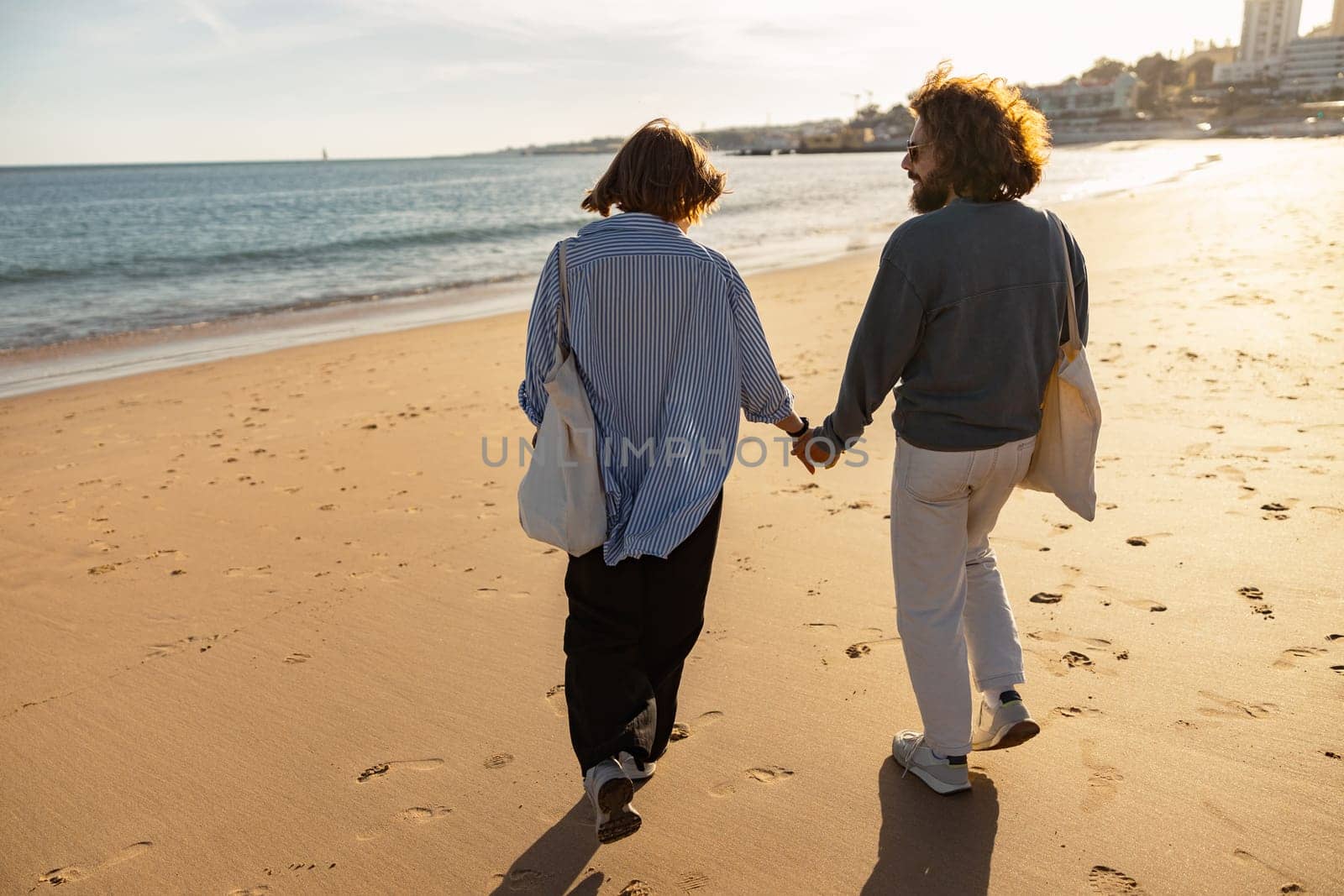 Rear view of couple in love is walk holding hands across the sunny beach. High quality photo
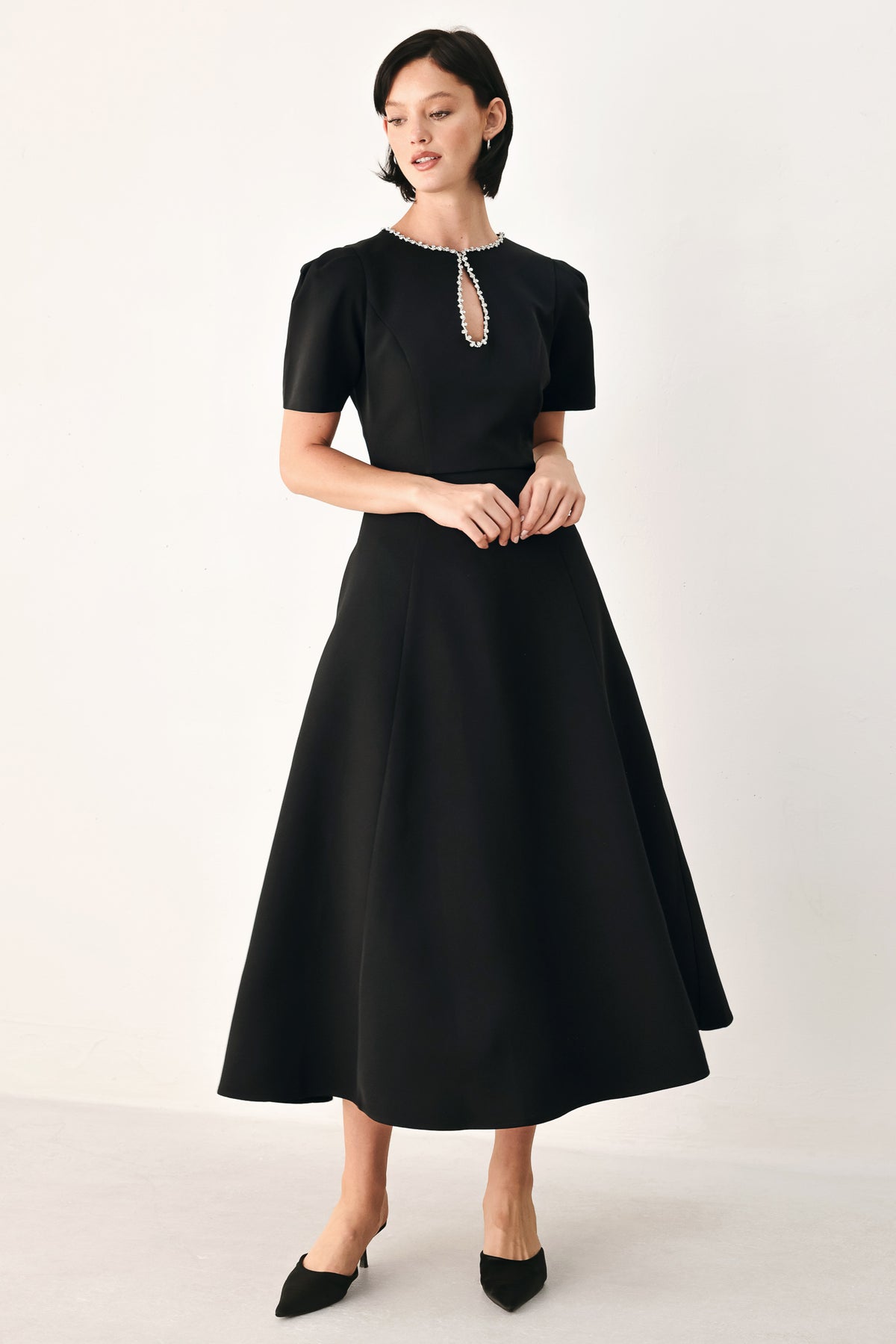 A woman modeling a black midi dress with short puff sleeves, a keyhole neckline with rhinestone embellishments, and a flared skirt | FREEMARKET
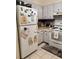 Functional kitchen with appliances, white cabinetry, and a view into the dining area at 9501 Shore Dr. # 323, Myrtle Beach, SC 29572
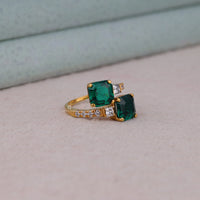 Gold ring with two green gemstones on a light gray surface, Elegant Two Stone Engagement Band, CZ Bypass Ring For Bride, Classic Asscher Cut CZ Engagement Jewelry.
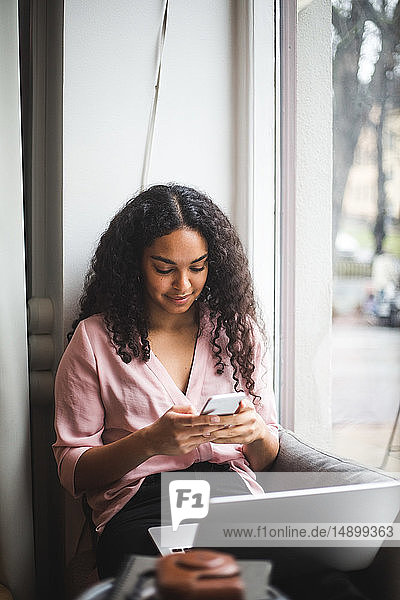 Junge berufstätige Frau  die im Büro auf dem Fensterbrett sitzt und Textnachrichten per Smartphone verschickt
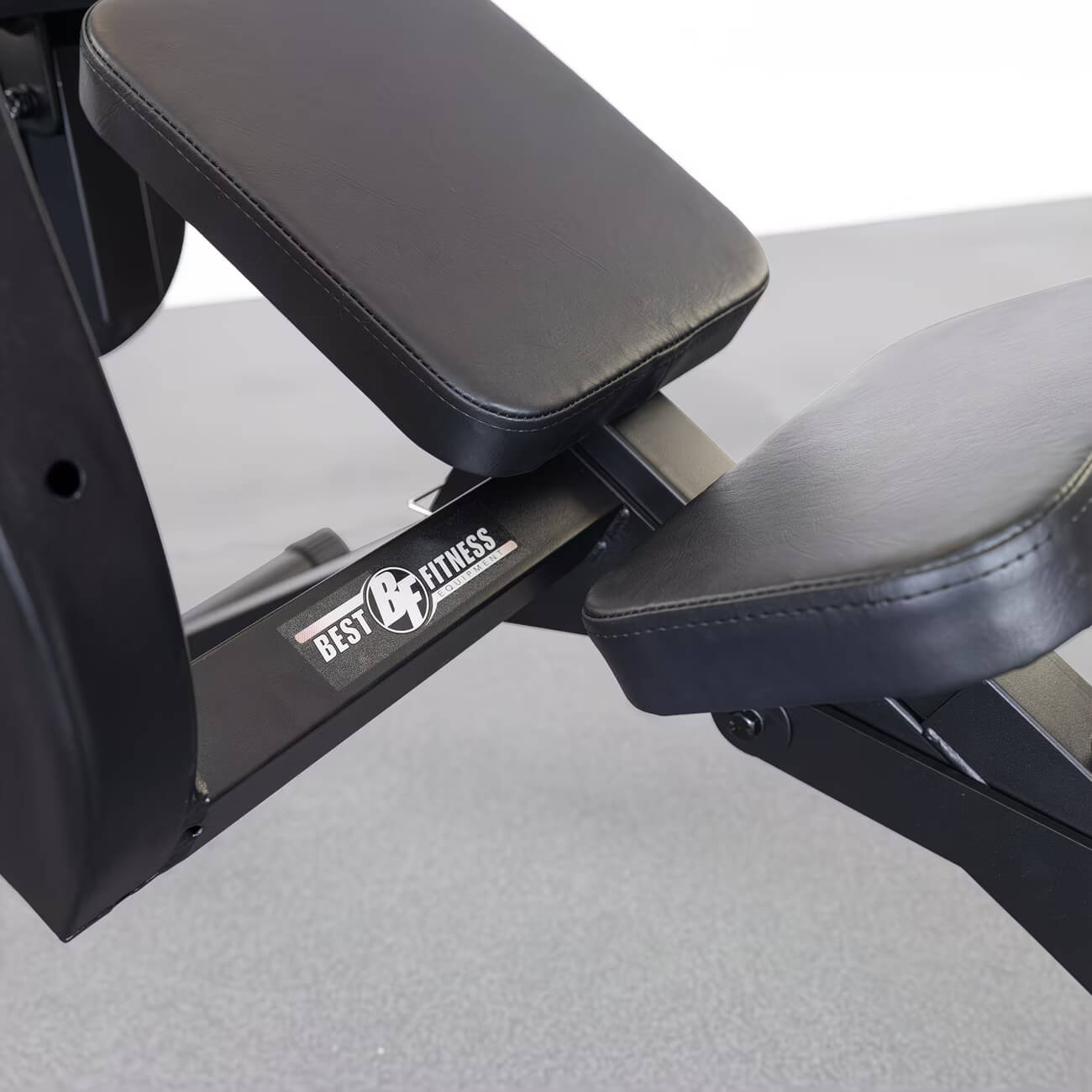 A black semi-recumbent ab bench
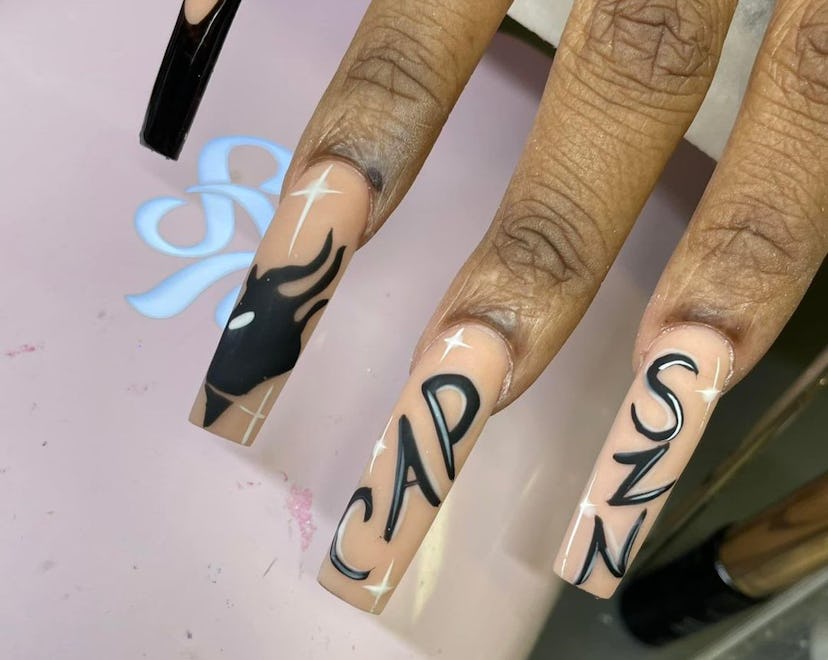 Capricorn nail designs with black and white graffiti-style font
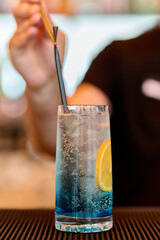 Blue Curacao Cocktail with lemon and ice in a glass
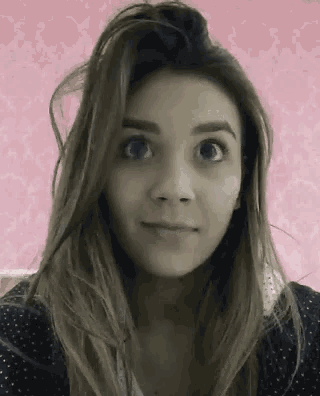 a woman with long hair is making a funny face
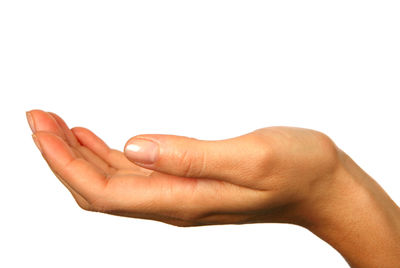 Close-up of person hand against white background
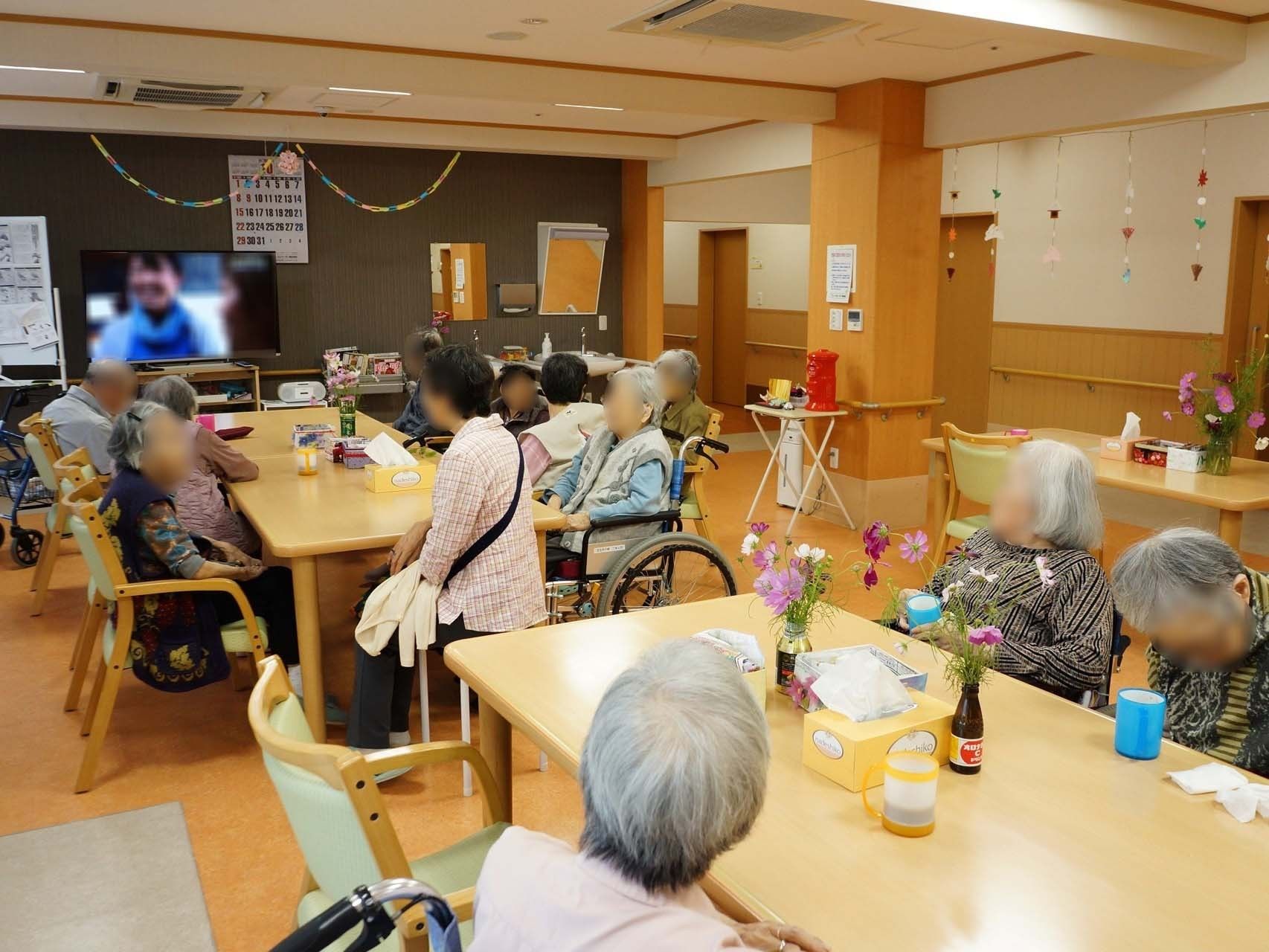 共有スペースには、テレビを見ている人、スタッフと談笑している人など、様々な形で楽しくくつろいでいる入居者様がいる。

= = = = = = =

» **WHAT IS REQUIRED**:
Only the records, copied exactly and free of pictures, belong in the answer.

» **WRITTEN REPLY**:
 Rear view of couple in love is walk holding hands across the sunny beach. High quality photo
 A woman modeling a black midi dress with short puff sleeves, a keyhole neckline with rhinestone embellishments, and a flared skirt | FREEMARKET
 Functional kitchen with appliances, white cabinetry, and a view into the dining area at 9501 Shore Dr. # 323, Myrtle Beach, SC 29572
 Gold ring with two green gemstones on a light gray surface, Elegant Two Stone Engagement Band, CZ Bypass Ring For Bride, Classic Asscher Cut CZ Engagement Jewelry.
 Junge berufstätige Frau  die im Büro auf dem Fensterbrett sitzt und Textnachrichten per Smartphone verschickt
 A black semi-recumbent ab bench
 Capricorn nail designs with black and white graffiti-style font
 Blue Curacao Cocktail with lemon and ice in a glass
 a woman with long hair is making a funny face
 Close-up of person hand against white background
 共有スペースには、テレビを見ている人、スタッフと談笑している人など、様々な形で楽しくくつろいでいる入居者様がいる。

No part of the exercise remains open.